**Exercise details**
All of the entries below should be printed exactly; the pictures are to be left out.

Input section start

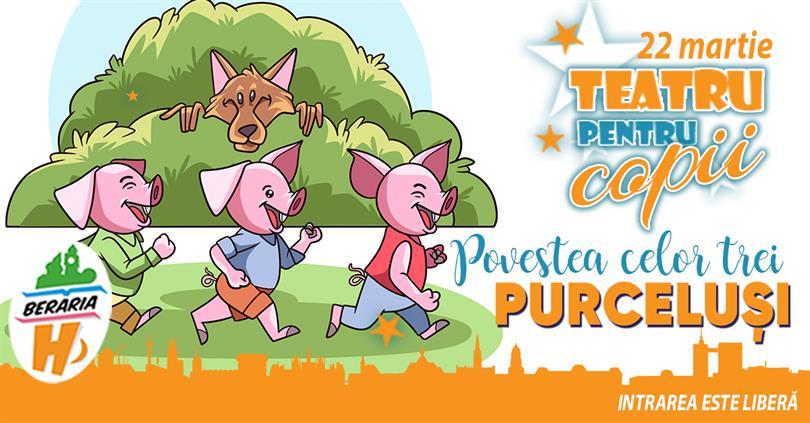 Concert The Three Little Pigs - children's play, Wednesday, 22 March 2023 15:30, Beraria H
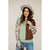 Cheetah Sleeve Dual Color Sweater - Betsey's Boutique Shop - Outerwear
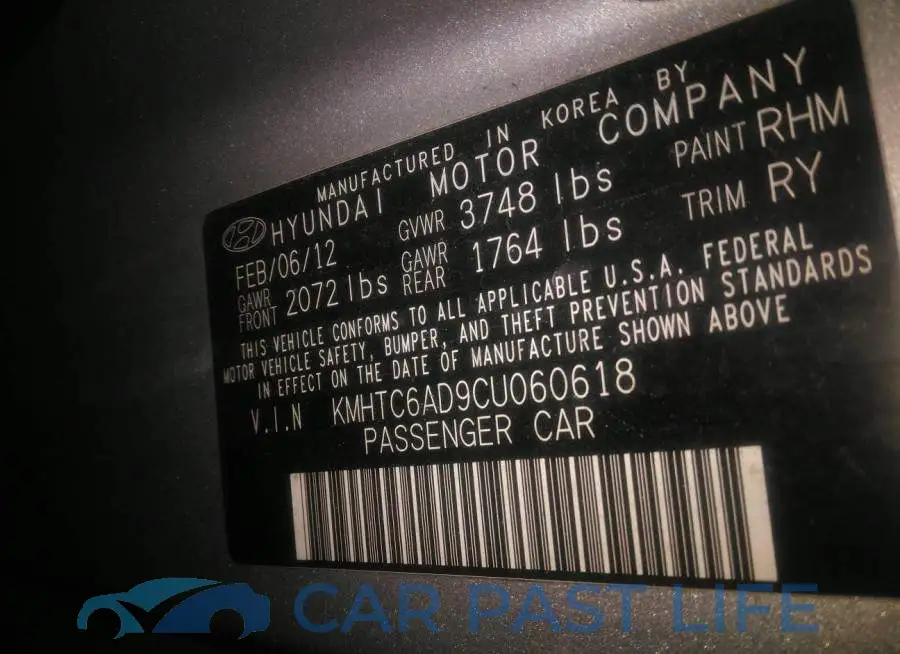 KMHTC6AD9CU060618# 9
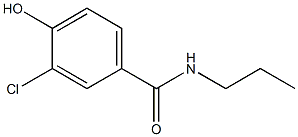 3-chloro-4-hydroxy-N-propylbenzamide 구조식 이미지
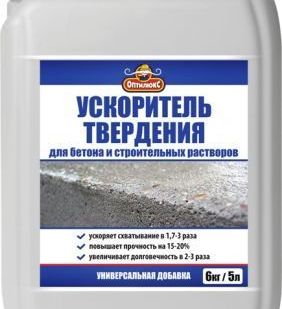 фото Ускоритель твердения "ОПТИЛЮКС" 5л, для бетона и строительных растворов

Input section end

**Completed exercise**
 Concert The Three Little Pigs - children's play, Wednesday, 22 March 2023 15:30, Beraria H
 Cheetah Sleeve Dual Color Sweater - Betsey's Boutique Shop - Outerwear
 KMHTC6AD9CU060618# 9
 3-chloro-4-hydroxy-N-propylbenzamide 구조식 이미지
 фото Ускоритель твердения "ОПТИЛЮКС" 5л, для бетона и строительных растворов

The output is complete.